# Demonstrate Local Or Remote Functions And Full Pipelines
  --------------------------------------------------------------------

Creating a local function, running predefined functions, creating and running a full ML pipeline with local and library functions.

#### **notebook how-to's**
* Create and test a simple function
* Examine data using containarized `describe` function
* Creating an ML Pipeline from various functions
* Running and tracking the pipeline results and artifacts

## Create and Test a Local Function (Iris Data Generator)
Import nuclio SDK and magics, <b>do not remove the cell and comment !!!</b><br>
and set the path to the MLRun API service

In [1]:
# nuclio: ignore
import nuclio

from os import environ
# set the location/url of mlrun service 
#environ['MLRUN_DBPATH'] = environ.get('MLRUN_DBPATH', 'http://mlrun-api:8080')

<b>Specify function dependencies and configuration<b>

In [2]:
%%nuclio cmd -c
pip install sklearn
pip install pyarrow

In [3]:
%nuclio config spec.build.baseImage = "mlrun/mlrun"

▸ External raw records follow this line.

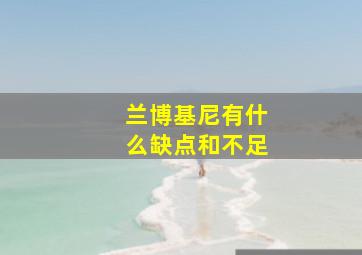 兰博基尼有什么缺点和不足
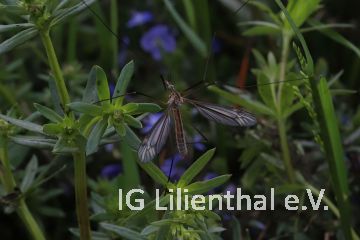 Frühlingsschnake Frühlingsschnake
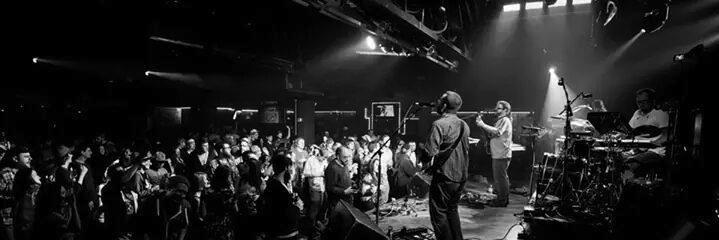 Cosmic Dust Bunnies banner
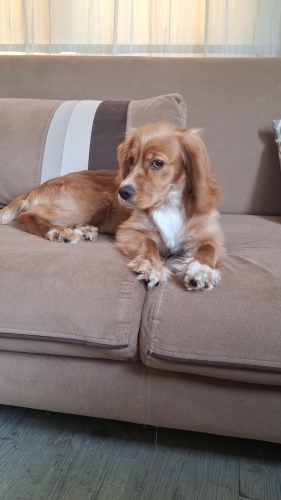 Bebeğimize yeni bir yuva arıyoruz fotoğraf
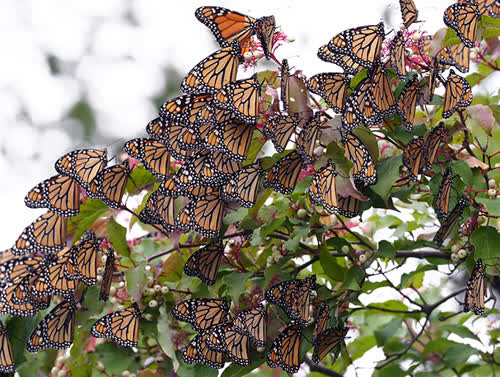 https://monarchwatch.org/blog/2019/09/18/historic-numbers-of-monarchs-seek-shelter-at-roost-sites-in-the-lake-erie-region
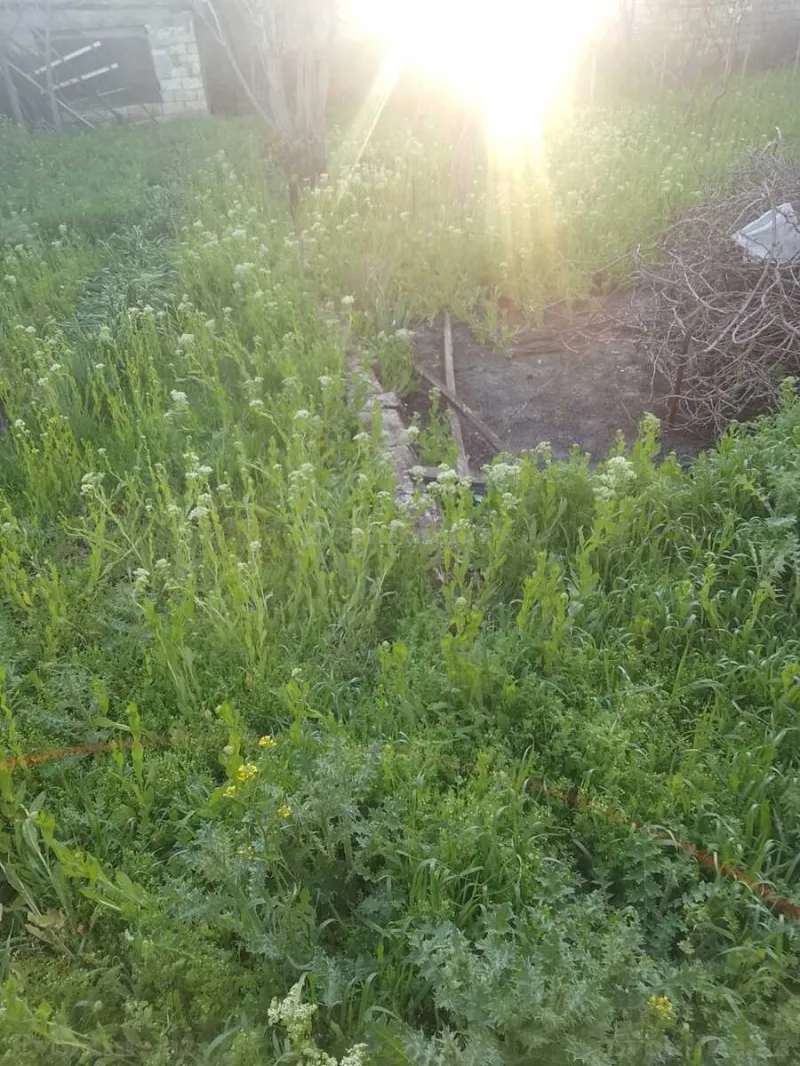 Satılır Torpaq 10 sot Xırdalan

%nuclio: setting spec.build.baseImage to 'mlrun/mlrun'


#### Function code
Generate the iris dataset and log the dataframe (as csv or parquet file)

In [4]:
import os
from sklearn.datasets import load_iris
from sklearn.model_selection import train_test_split
import numpy as np
from sklearn.metrics import accuracy_score
from mlrun.artifacts import TableArtifact, PlotArtifact
import pandas as pd


def iris_generator(context, format='csv'):
    iris = load_iris()
    iris_dataset = pd.DataFrame(data=iris.data, columns=iris.feature_names)
    iris_labels = pd.DataFrame(data=iris.target, columns=['label'])
    iris_dataset = pd.concat([iris_dataset, iris_labels], axis=1)
    
    context.logger.info('saving iris dataframe to {}'.format(context.artifact_path))
    context.log_dataset('iris_dataset', df=iris_dataset, format=format, index=False)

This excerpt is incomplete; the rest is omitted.